Tate & Lyle made its fortune through shipping, indenture, slavery and cane sugar. Sugar money built Henry Tate’s art collection, later endowed to the British state as the Tate Gallery. To this day, Tate & Lyle produce cane sugar, mainly grown in Belize.  

Nowadays, though, the cheapest sugar in the world comes from Brazil, which uses intensive bee-killing pesticides banned in Europe. Some Brazilian sugarcane plantations still use slave-like conditions—the workers are forced into debt; they work ten-hour days and are given raw sugar cane for their meals. It is exactly these conditions that make Brazilian cane sugar cheap and attractive to companies like Tate & Lyle. 

For a long time, Tate & Lyle wanted to buy Brazilian sugar and sell it in the U.K., but they couldn’t. Because sugar beet is grown in Europe, the European Union tries to protect beet farmers; it charges a tariff on sugar brought from overseas. These tariffs make it too expensive to bring Brazilian cane sugar to the U.K. Tate & Lyle were stuck.
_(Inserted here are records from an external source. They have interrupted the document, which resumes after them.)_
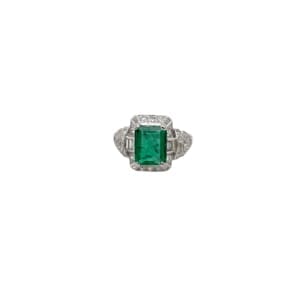 Art Deco Platinum Emerald and Diamond Ring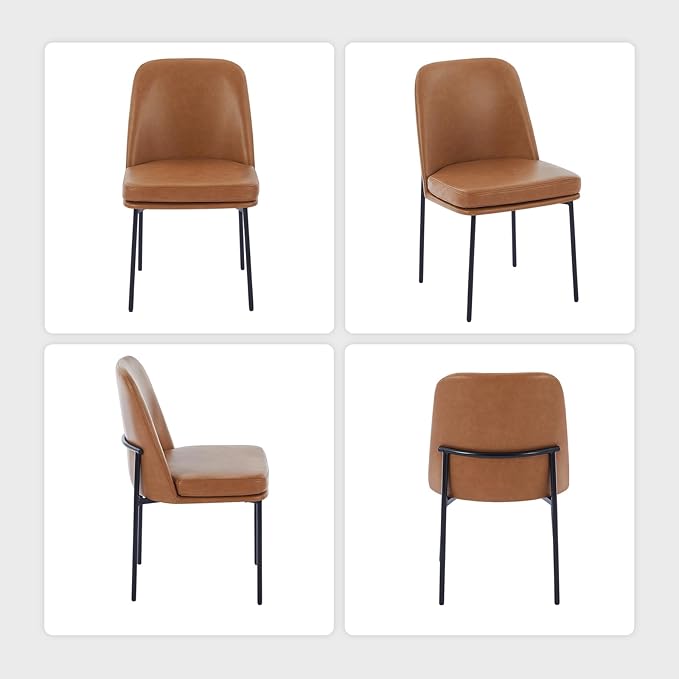 COLAMY Dining Chairs Set of 4, Modern Dining Chair, Leather Upholstered Dinin...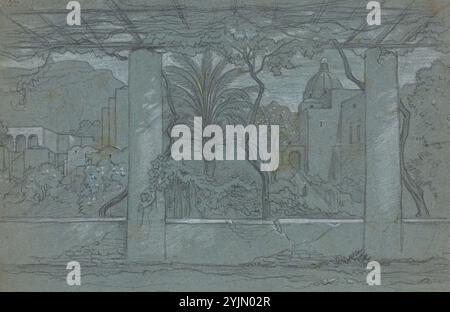 Francesco-Édouard Bertin French, 1797 - 1871, A Terrace and Garden on Capri [recto], c. 1822 o versioni successive, carbone e gesso bianco su carta blu, totale: 29,3 x 45 cm (11 9, 16 x 17 11, 16 pollici Foto Stock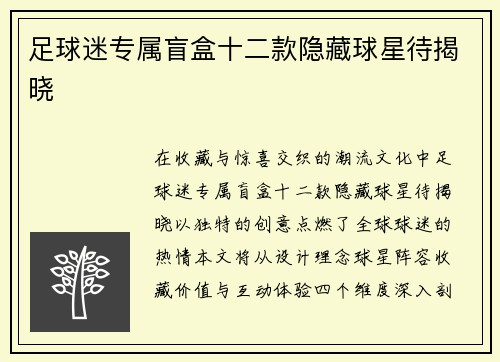足球迷专属盲盒十二款隐藏球星待揭晓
Silvertown, their old refinery in London, sat half full. But then came the 2016 referendum on the European Union.  

Tate & Lyle sensed an opportunity with Brexit. They funded the leave campaign heavily, even sponsoring the 2016 Conservative Party conference. And when leave was victorious, they expected something in return. 

In August of 2020, they got it. The U.K. government announced it would allow tariff-free imports of cane sugar. In one year alone, this would make Tate & Lyle £73 million. The Bolsonaro government in Brazil is opening up new cane fields in previously protected areas of the Amazon rainforest. As in the time of Elizabeth I, Brazilian sugar will come to London.

The rivalry between cane and beet goes back a long way, and has longstanding implications for our history and our world. Beet sugar, developed in response to slaves from the cane fields demanding their freedom, gave workers from different racial groups their first stage upon which to stand in solidarity, overcoming the use of ethnic divisions pioneered in sugar cane plantations. Now, with Brexit, tariff-free cane sugar will return to the U.K., once again at the heart of a project that aims to undermine working conditions and unleash untold environmental destruction in the Amazon.

Lyle’s Golden Syrup is the oldest brand in the world. On the front of its Victorian green and gold tin is a picture of a lion, underneath which runs the biblical quotation: Out of the strong came forth sweetness. If you look closely at the lion, you will see he is dead, surrounded by a cloud of bees. This relates to the Biblical story of Samson, but perhaps the image is more apt than the owners of Tate & Lyle may realise. Under slavery and indenture, sweetness has long been killing the strong to produce these tins of syrup.